WHAT THIS TASK INVOLVES
Extract every record, keeping each one exactly as it is.

Extracted records
====

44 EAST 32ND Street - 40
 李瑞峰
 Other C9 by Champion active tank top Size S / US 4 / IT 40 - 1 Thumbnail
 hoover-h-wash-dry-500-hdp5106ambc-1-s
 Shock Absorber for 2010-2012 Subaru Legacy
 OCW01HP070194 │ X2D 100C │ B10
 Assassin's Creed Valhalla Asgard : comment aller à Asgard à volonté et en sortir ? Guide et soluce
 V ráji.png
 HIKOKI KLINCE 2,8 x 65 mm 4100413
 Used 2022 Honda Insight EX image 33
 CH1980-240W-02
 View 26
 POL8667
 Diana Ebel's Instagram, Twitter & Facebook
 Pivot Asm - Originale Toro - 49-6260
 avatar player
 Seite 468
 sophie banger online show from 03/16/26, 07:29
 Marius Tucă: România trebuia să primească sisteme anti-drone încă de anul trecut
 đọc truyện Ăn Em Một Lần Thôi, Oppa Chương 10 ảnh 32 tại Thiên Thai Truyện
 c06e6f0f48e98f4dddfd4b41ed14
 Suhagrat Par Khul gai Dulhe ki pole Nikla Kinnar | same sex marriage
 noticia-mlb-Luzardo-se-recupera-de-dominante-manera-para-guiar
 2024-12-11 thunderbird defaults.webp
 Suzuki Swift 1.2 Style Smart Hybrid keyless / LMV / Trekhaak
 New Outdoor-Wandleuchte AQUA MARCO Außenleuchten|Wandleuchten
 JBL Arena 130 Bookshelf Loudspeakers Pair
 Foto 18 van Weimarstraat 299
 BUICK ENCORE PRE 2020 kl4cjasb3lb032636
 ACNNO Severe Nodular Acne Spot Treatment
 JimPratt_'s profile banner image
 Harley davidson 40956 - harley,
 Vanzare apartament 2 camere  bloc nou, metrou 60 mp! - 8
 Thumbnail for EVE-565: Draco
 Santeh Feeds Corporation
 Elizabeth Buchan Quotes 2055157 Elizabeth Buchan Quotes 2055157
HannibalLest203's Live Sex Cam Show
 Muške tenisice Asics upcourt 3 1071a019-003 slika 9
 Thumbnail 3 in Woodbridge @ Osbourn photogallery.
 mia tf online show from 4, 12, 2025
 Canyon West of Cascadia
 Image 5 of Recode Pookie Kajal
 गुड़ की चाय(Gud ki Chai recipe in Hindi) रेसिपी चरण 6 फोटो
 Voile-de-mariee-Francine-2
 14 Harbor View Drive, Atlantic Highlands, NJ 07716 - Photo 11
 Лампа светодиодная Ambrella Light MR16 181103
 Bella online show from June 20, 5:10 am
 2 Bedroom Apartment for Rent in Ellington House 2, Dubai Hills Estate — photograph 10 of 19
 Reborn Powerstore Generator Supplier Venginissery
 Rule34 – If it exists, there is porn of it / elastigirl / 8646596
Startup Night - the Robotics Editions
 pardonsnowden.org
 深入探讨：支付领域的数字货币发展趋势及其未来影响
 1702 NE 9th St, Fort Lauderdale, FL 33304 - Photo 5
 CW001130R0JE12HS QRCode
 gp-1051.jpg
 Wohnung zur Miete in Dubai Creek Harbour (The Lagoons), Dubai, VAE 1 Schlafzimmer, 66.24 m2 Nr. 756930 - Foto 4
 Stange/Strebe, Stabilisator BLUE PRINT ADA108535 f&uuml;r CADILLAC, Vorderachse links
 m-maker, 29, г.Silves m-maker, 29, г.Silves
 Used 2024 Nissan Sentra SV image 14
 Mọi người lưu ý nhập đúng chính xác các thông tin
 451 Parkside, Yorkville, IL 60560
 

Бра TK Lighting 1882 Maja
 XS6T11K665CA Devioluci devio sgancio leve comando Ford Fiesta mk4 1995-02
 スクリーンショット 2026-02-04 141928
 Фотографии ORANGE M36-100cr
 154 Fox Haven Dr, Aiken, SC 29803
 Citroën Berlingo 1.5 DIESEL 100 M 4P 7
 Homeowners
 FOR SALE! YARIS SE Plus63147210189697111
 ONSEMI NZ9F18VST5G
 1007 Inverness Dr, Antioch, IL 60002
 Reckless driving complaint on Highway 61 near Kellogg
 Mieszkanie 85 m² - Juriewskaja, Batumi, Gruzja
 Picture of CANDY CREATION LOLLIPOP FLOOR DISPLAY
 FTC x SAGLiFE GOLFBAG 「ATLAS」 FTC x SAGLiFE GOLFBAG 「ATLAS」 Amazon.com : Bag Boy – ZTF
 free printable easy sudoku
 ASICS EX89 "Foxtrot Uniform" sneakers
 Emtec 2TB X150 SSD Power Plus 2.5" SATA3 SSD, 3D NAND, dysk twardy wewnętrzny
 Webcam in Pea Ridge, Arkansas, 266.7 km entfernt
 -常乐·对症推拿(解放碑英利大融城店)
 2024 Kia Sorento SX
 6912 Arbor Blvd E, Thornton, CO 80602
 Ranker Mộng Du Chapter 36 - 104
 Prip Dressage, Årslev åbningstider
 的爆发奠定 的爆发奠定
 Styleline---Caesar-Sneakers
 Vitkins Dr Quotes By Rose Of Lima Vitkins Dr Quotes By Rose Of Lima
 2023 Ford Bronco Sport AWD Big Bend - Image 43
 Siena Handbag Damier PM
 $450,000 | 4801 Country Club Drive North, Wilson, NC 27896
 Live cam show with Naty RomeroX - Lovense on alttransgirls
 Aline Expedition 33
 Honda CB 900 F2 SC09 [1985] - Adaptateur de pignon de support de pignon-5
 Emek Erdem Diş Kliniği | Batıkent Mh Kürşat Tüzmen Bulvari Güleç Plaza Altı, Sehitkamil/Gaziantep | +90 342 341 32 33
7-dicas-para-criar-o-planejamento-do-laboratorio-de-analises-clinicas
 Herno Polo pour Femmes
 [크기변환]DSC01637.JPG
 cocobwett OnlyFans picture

====

OUTPUT
44 EAST 32ND Street - 40
 李瑞峰
 Other C9 by Champion active tank top Size S / US 4 / IT 40 - 1 Thumbnail
 hoover-h-wash-dry-500-hdp5106ambc-1-s
 Shock Absorber for 2010-2012 Subaru Legacy
 OCW01HP070194 │ X2D 100C │ B10
 Assassin's Creed Valhalla Asgard : comment aller à Asgard à volonté et en sortir ? Guide et soluce
 V ráji.png
 HIKOKI KLINCE 2,8 x 65 mm 4100413
 Used 2022 Honda Insight EX image 33
 CH1980-240W-02
 View 26
 POL8667
 Diana Ebel's Instagram, Twitter & Facebook
 Pivot Asm - Originale Toro - 49-6260
 avatar player
 Seite 468
 sophie banger online show from 03/16/26, 07:29
 Marius Tucă: România trebuia să primească sisteme anti-drone încă de anul trecut
 đọc truyện Ăn Em Một Lần Thôi, Oppa Chương 10 ảnh 32 tại Thiên Thai Truyện
 c06e6f0f48e98f4dddfd4b41ed14
 Suhagrat Par Khul gai Dulhe ki pole Nikla Kinnar | same sex marriage
 noticia-mlb-Luzardo-se-recupera-de-dominante-manera-para-guiar
 2024-12-11 thunderbird defaults.webp
 Suzuki Swift 1.2 Style Smart Hybrid keyless / LMV / Trekhaak
 New Outdoor-Wandleuchte AQUA MARCO Außenleuchten|Wandleuchten
 JBL Arena 130 Bookshelf Loudspeakers Pair
 Foto 18 van Weimarstraat 299
 BUICK ENCORE PRE 2020 kl4cjasb3lb032636
 ACNNO Severe Nodular Acne Spot Treatment
 JimPratt_'s profile banner image
 Harley davidson 40956 - harley,
 Vanzare apartament 2 camere  bloc nou, metrou 60 mp! - 8
 Thumbnail for EVE-565: Draco
 Santeh Feeds Corporation
 Elizabeth Buchan Quotes 2055157 Elizabeth Buchan Quotes 2055157
HannibalLest203's Live Sex Cam Show
 Muške tenisice Asics upcourt 3 1071a019-003 slika 9
 Thumbnail 3 in Woodbridge @ Osbourn photogallery.
 mia tf online show from 4, 12, 2025
 Canyon West of Cascadia
 Image 5 of Recode Pookie Kajal
 गुड़ की चाय(Gud ki Chai recipe in Hindi) रेसिपी चरण 6 फोटो
 Voile-de-mariee-Francine-2
 14 Harbor View Drive, Atlantic Highlands, NJ 07716 - Photo 11
 Лампа светодиодная Ambrella Light MR16 181103
 Bella online show from June 20, 5:10 am
 2 Bedroom Apartment for Rent in Ellington House 2, Dubai Hills Estate — photograph 10 of 19
 Reborn Powerstore Generator Supplier Venginissery
 Rule34 – If it exists, there is porn of it / elastigirl / 8646596
Startup Night - the Robotics Editions
 pardonsnowden.org
 深入探讨：支付领域的数字货币发展趋势及其未来影响
 1702 NE 9th St, Fort Lauderdale, FL 33304 - Photo 5
 CW001130R0JE12HS QRCode
 gp-1051.jpg
 Wohnung zur Miete in Dubai Creek Harbour (The Lagoons), Dubai, VAE 1 Schlafzimmer, 66.24 m2 Nr. 756930 - Foto 4
 Stange/Strebe, Stabilisator BLUE PRINT ADA108535 f&uuml;r CADILLAC, Vorderachse links
 m-maker, 29, г.Silves m-maker, 29, г.Silves
 Used 2024 Nissan Sentra SV image 14
 Mọi người lưu ý nhập đúng chính xác các thông tin
 451 Parkside, Yorkville, IL 60560
 

Бра TK Lighting 1882 Maja
 XS6T11K665CA Devioluci devio sgancio leve comando Ford Fiesta mk4 1995-02
 スクリーンショット 2026-02-04 141928
 Фотографии ORANGE M36-100cr
 154 Fox Haven Dr, Aiken, SC 29803
 Citroën Berlingo 1.5 DIESEL 100 M 4P 7
 Homeowners
 FOR SALE! YARIS SE Plus63147210189697111
 ONSEMI NZ9F18VST5G
 1007 Inverness Dr, Antioch, IL 60002
 Reckless driving complaint on Highway 61 near Kellogg
 Mieszkanie 85 m² - Juriewskaja, Batumi, Gruzja
 Picture of CANDY CREATION LOLLIPOP FLOOR DISPLAY
 FTC x SAGLiFE GOLFBAG 「ATLAS」 FTC x SAGLiFE GOLFBAG 「ATLAS」 Amazon.com : Bag Boy – ZTF
 free printable easy sudoku
 ASICS EX89 "Foxtrot Uniform" sneakers
 Emtec 2TB X150 SSD Power Plus 2.5" SATA3 SSD, 3D NAND, dysk twardy wewnętrzny
 Webcam in Pea Ridge, Arkansas, 266.7 km entfernt
 -常乐·对症推拿(解放碑英利大融城店)
 2024 Kia Sorento SX
 6912 Arbor Blvd E, Thornton, CO 80602
 Ranker Mộng Du Chapter 36 - 104
 Prip Dressage, Årslev åbningstider
 的爆发奠定 的爆发奠定
 Styleline---Caesar-Sneakers
 Vitkins Dr Quotes By Rose Of Lima Vitkins Dr Quotes By Rose Of Lima
 2023 Ford Bronco Sport AWD Big Bend - Image 43
 Siena Handbag Damier PM
 $450,000 | 4801 Country Club Drive North, Wilson, NC 27896
 Live cam show with Naty RomeroX - Lovense on alttransgirls
 Aline Expedition 33
 Honda CB 900 F2 SC09 [1985] - Adaptateur de pignon de support de pignon-5
 Emek Erdem Diş Kliniği | Batıkent Mh Kürşat Tüzmen Bulvari Güleç Plaza Altı, Sehitkamil/Gaziantep | +90 342 341 32 33
7-dicas-para-criar-o-planejamento-do-laboratorio-de-analises-clinicas
 Herno Polo pour Femmes
 [크기변환]DSC01637.JPG
 cocobwett OnlyFans picture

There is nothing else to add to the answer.